# Best baits for crappie and saugeye?



## Putty (Jul 22, 2013)

I have never caught either, just bass. Wondering if I need to stock my box with different tackle. Any advice would be awesome. 

Thanks in advance


----------



## Tom 513 (Nov 26, 2012)

Minnows on a slip bobber is always my first choice for Crappie, but if I use a lure its normally a chartruse and black jig, also like the roadrunners. I havent fished for saugeye, but I believe most guys troll deep for them with lures that are tipped with worms, although Ive caught them on minnows too! good luck


----------



## Putty (Jul 22, 2013)

Thanks!! Not much help offered around here.


----------



## Intimidator (Nov 25, 2008)

My favorites for both species are swimbaits...preferably Keitechs...you can use them in any way, even under a bobber.

www.landbigfish.com/keitech/keitech-swing-impact.cfm
www.landbigfish.com/keitech/keitech-swing-impact-fat.cfm
www.landbigfish.com/keitech/keitech-easy-shiner.cfm


----------



## HookBender (Apr 2, 2012)

Minnows under a float of any kind, 60% of the time it works every time! :thumbup:


----------



## pppatrick (Apr 21, 2012)

i use 1"-2" tubes in a meriad of colors suspended under slip floats for crappie at about a foot above where they are suspending. 

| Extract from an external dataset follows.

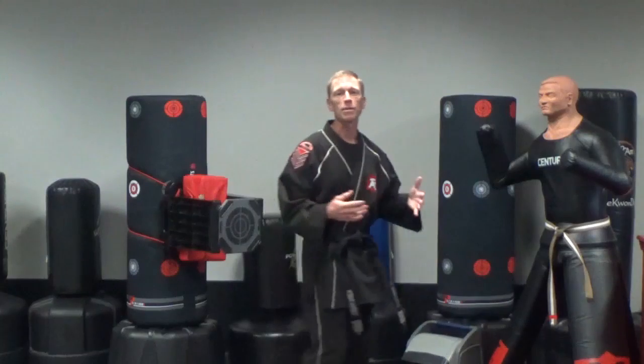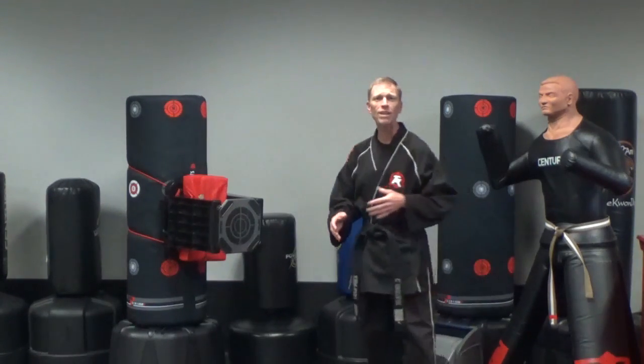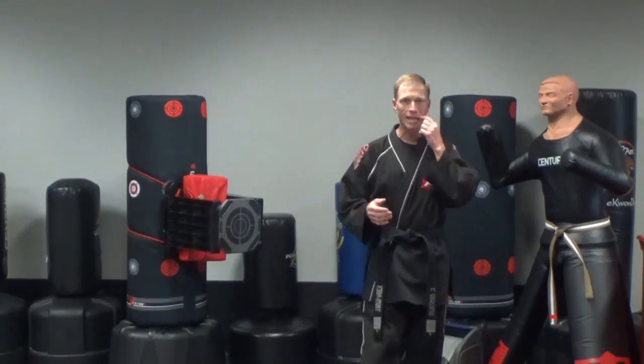We are hitting with the ball of that foot. Even if I am jumping, that dynamic is going to be the same.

i do best on sauger/saugeye with 1/8 - 3/8 oz jig heads with various soft plastics. usually 3" and 4" twister tail grubs. gulp minnows, paddle tail grubs like those keitechs intimidator metioned, jr flukes. shad raps and cranks of the same sort, suspending jerk baits (rogues). but that being said, i caught my p.b. saugeye on a creature bait texas riged whilst fishing for bass (SMH)and many others on spinner baits fishing for bass.


----------



## Saugeyefisher (Jul 19, 2010)

Bigjoshy swimbaits rigged on the heads that come with them. Bites been slow at best but have picked up crappie and saugeye on joshys fished with varous retrieves. His web sites all over ogf. Lotsa good info on his sight to about color selection weigjt to use. And the new baits are very tough. I have one rigged up(chartreuse slush) that has got me close to ten and still going strong. Including a cple fo's


----------



## Boathead241 (Oct 4, 2005)

Depends on situation usually jig and grub or minnow imitation or shad imitation.







Sent from my VS920 4G using Ohub Campfire mobile app


----------



## pppatrick (Apr 21, 2012)

i just placed my jig order for the year and went with a new jig head this year that i haven't used before. vmc moon eye jigs in 1/16 - 3/8 oz. a little expensive, but look worth it. metal bait keeper looks like its gonna save on the short strikers ripping soft plastics from the usually useless lead barb that seems to damage plastics more than anything. halographic eyes and "asprin" shape atracted me too.

i've been using the bps walleye jigheads (1/4 -3/8) and northland ball heads in the smaller weights (1/16 - 1/8) the past few years and they serve me well. but these look like they will swim and pop better and maybe hang up less. 

anybody using them?


----------